A frame rate cap will result in a cyclic latency graph. On *average* the 
latency will be reduced, but individual frame will oscilate between 0 
and 16.7ms of latency over time.

So this actually works for bringing down average latency when playing 
games, but the variable latency effect might not be wanted in a 
professional application.

> - the possibility of dynamically turning off V-Sync at runtime would 
> allow an app to operate in "low-latency" mode when required. Currently 
> this is not possible in Qt, as the QSurfaceFormat::setSwapInterval needs 
> to be called before the QML scene is created.
> 
> - make the threaded renderloop not rely on Vsync throttling so low 
> latency and multithreaded rendering is possible, this was what I wanted 
> to know in my previous reply. There seem to be changes to the render 
> loop in Qt 6, but I am not sure if this has been implemented.

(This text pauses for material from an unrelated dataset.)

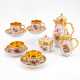 COFFEE SET WITH INTERIOR GILDING FOR TWO PERSONS IN 'Neuzierratdekor' - Foto 1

There is another possibility. Keep vsync but add a frame delay. That is, 
if you know your application can finish each frame in less than, say, 
5ms, then you delay the start of each frame loop by 1000/Hz - 5 
milliseconds. For 60Hz that means sleeping for 11.6ms after rendering 
the last frame. The render loop then reads input and renders the next 
frame in the remaining 5ms, giving you a latency of 5ms instead of 16.7.

If you miss the target time though, then that frame will need to wait 
for the next vblank, resulting in a 33.3ms frame time. Or you disable 
vsync for just that frame, which will give you a tear.

However, there's other factors at play here as well. The GPU driver 
usually does not immediately send out each frame immediately to the 
screen when it's presented. Furthermore, since frame preparation (CPU) 
and frame rendering (GPU) are asynchronous in today's graphics APIs, you 
get several prepared frames queued up for rendering. This is the biggest 
contributor to latency today, not the 16.7ms frame latency of 60Hz 
double buffer vsync. That's why disabling vsync in games for example 
doesn't give you a 16.7ms reduction, it gives you more like 50ms.

So to get as low a latency as possible while avoiding the variable 
latency issue of frame rate limiting, you would need to also reduce 
frame queue sizes. In Vulkan you would use a swap chain of only one 
image. OpenGL does not have this (AFAIK), so you'd need to do a hard GPU 
sync on each frame. Both of these decrease rendering parallelism of 
modern GPUs though, so decreasing this kind of buffering also decreases 
performance, increasing minimum GPU speed requirements.